PANews reported on August 16 that according to Cointelegraph, blockchain investigator ZachXBT said he had found evidence of a complex network of North Korean developers who earn up to $500,000 a month by working for "mature" crypto projects. ZachXBT said in an X post on August 15 that he believed "a single entity in Asia" was likely operating outside of North Korea, earning $300,000 to $500,000 a month and employing at least 21 employees to participate in more than 25 cryptocurrency projects.
ZachXBT said: "Recently, a team asked me for help because $1.3 million was stolen from the treasury after the malicious code was pushed." ZachXBT analyzed that the latest $1.3 million stolen by North Korean developers was laundered through a series of transactions, including transfers to a theft address and eventually ending up with 16.5 Ethereum. After further investigating these developers, ZachXBT believed that they were part of a wider network. He tracked multiple payment addresses and found that a group of developers "received $375,000 last month" and previous transactions totaling $5.5 million from July 2023 to some point in 2024, which flowed into a deposit address of an exchange. These payments were subsequently linked to North Korean IT workers and an individual, Sim Hyon Sop, who was sanctioned by the United States' Office of Foreign Assets Control (OFAC) for allegedly coordinating financial transfers that ultimately supported North Korea's weapons programs.

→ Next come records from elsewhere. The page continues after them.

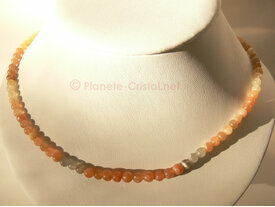 Collier Pierre de Lune en bille 6 mm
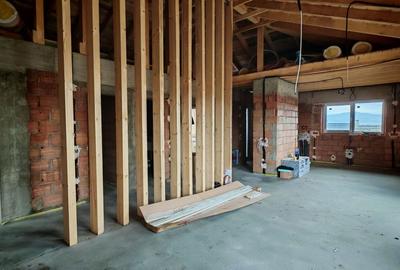 Casă individuală cu 4 camere cu Canalizare în Cristian - 3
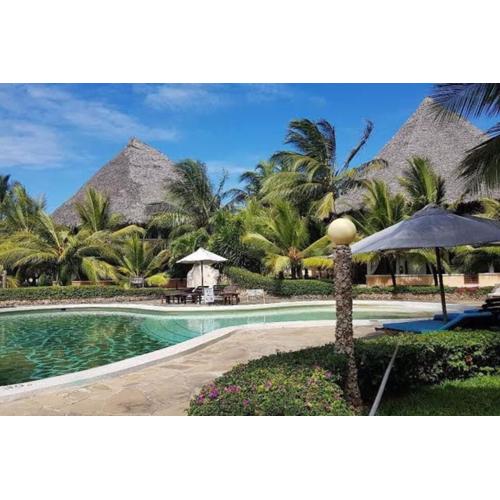 Tembo 2 Beach cottage, with Pool & Spa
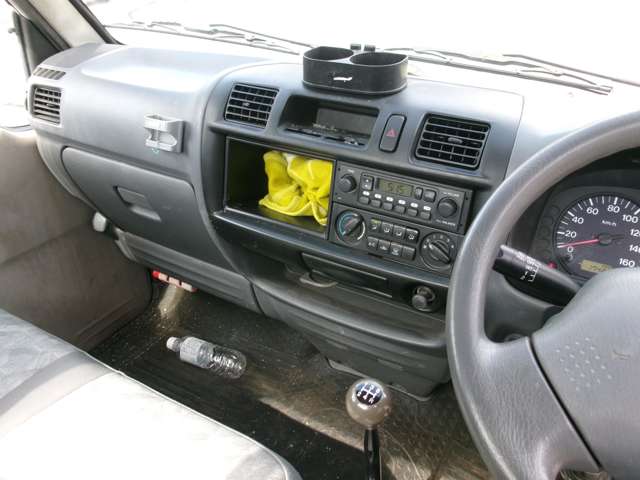 Mazda Bongo Truck 9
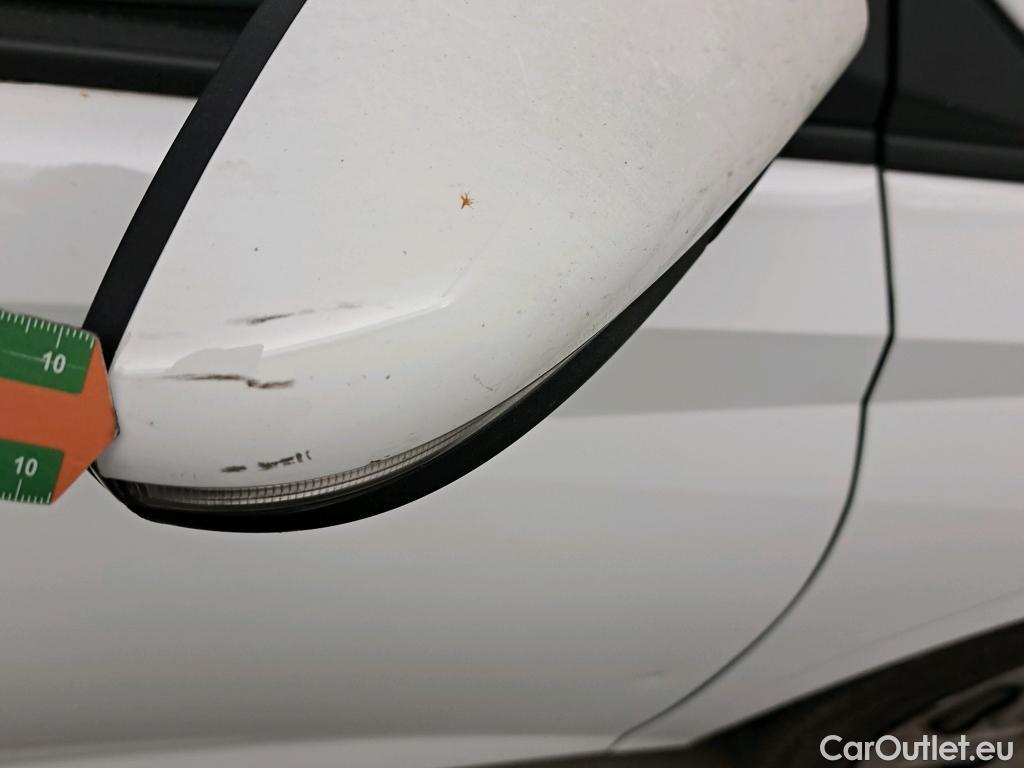  Hyundai  i20 HYUNDAI  / 2020 / 5P / berlina con portón 1.0 TGDI 74kW (100CV) 48V Essence #33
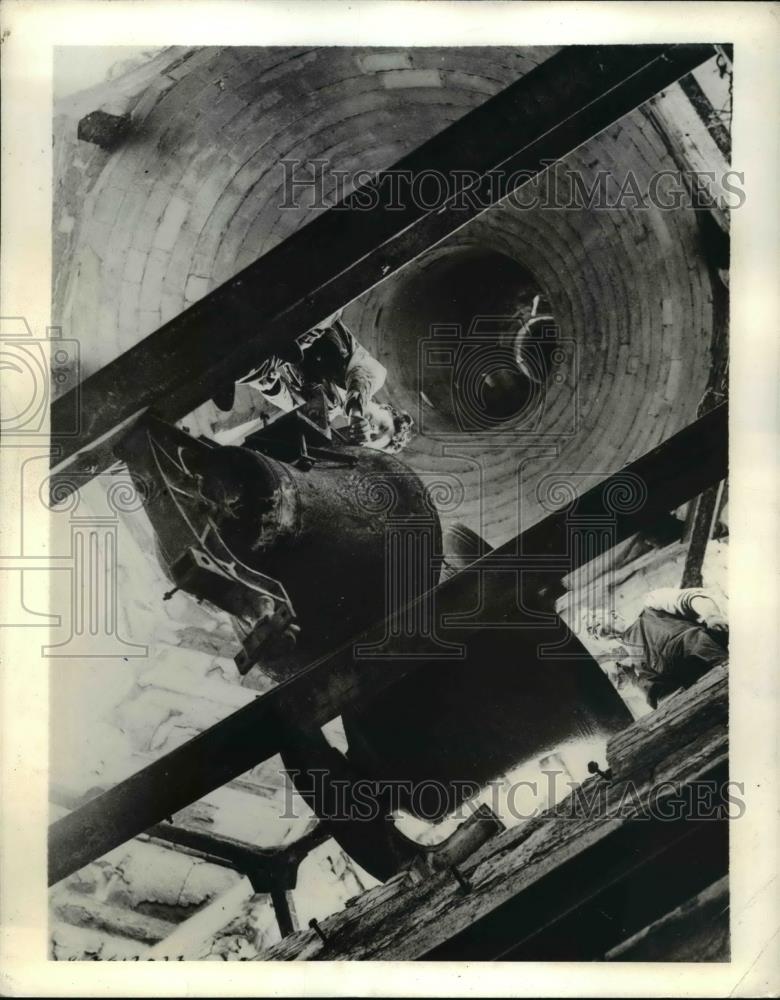 1941 Press Photo Checking of Bells - Historic Images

ZachXBT said his investigation found other payment addresses closely tied to another OFAC-sanctioned individual, Sang Man Kim, who has been linked to North Korea-related cybercrime in the past. ZachXBT also found that IPs of developers claiming to work in the United States and Malaysia overlapped with Russian telecom IPs. At least one employee "accidentally revealed their other identities on a notepad." Some of the developers he found were even arranged by recruitment companies, and in some cases, they would recommend jobs to each other.